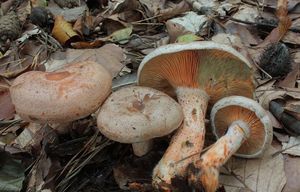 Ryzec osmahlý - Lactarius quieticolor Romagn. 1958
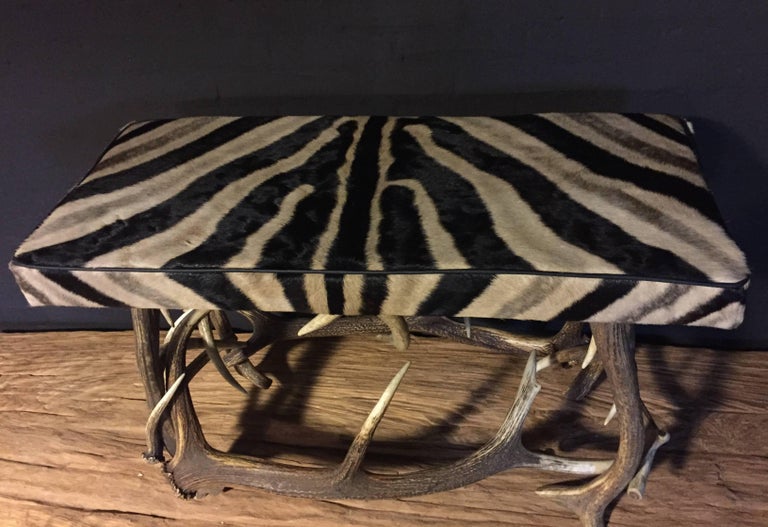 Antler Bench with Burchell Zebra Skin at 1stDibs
--
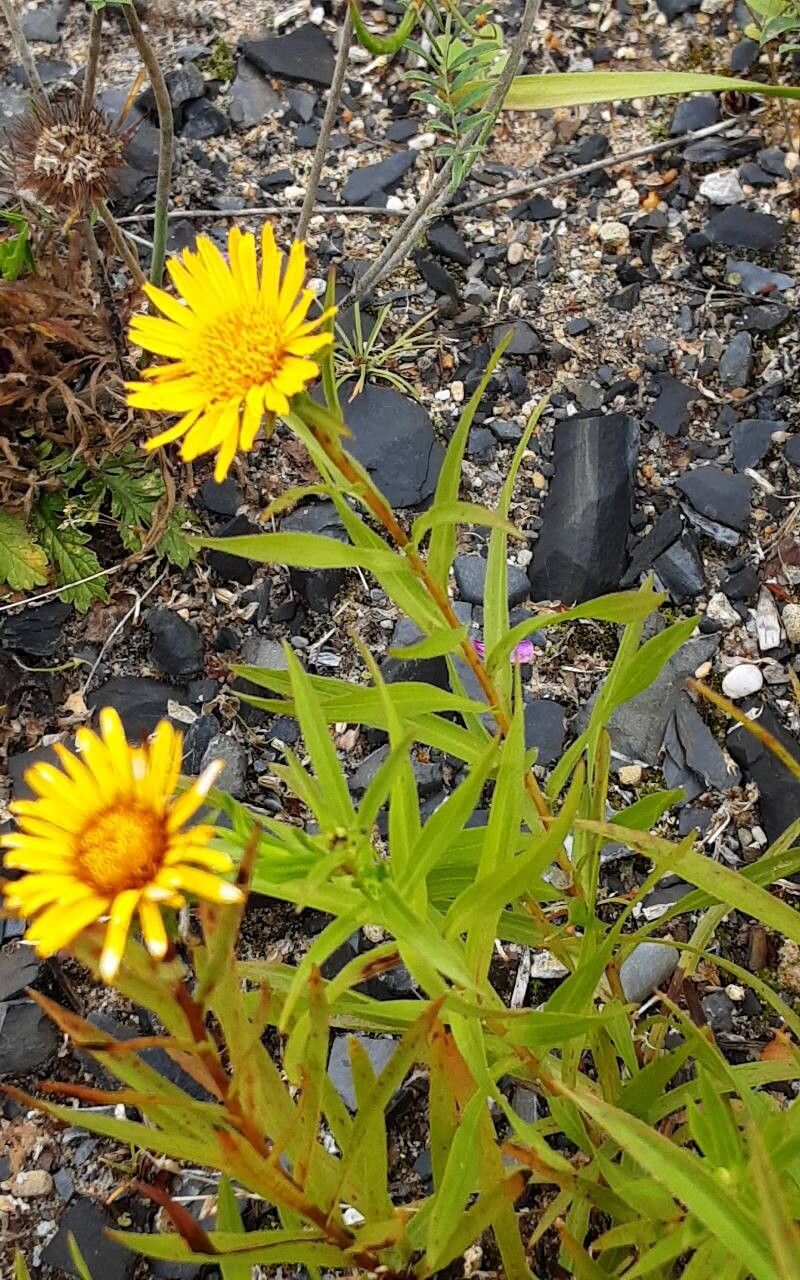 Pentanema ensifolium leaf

# [TASK TO COMPLETE]
The material above holds pictures; leave them out. Repeat exactly the lines from the one containing "Ryzec osmahlý - Lactarius" through the one containing "Antler Bench with", and nothing else.

# [OUTPUT OF THE TASK]
 Ryzec osmahlý - Lactarius quieticolor Romagn. 1958
 Antler Bench with Burchell Zebra Skin at 1stDibs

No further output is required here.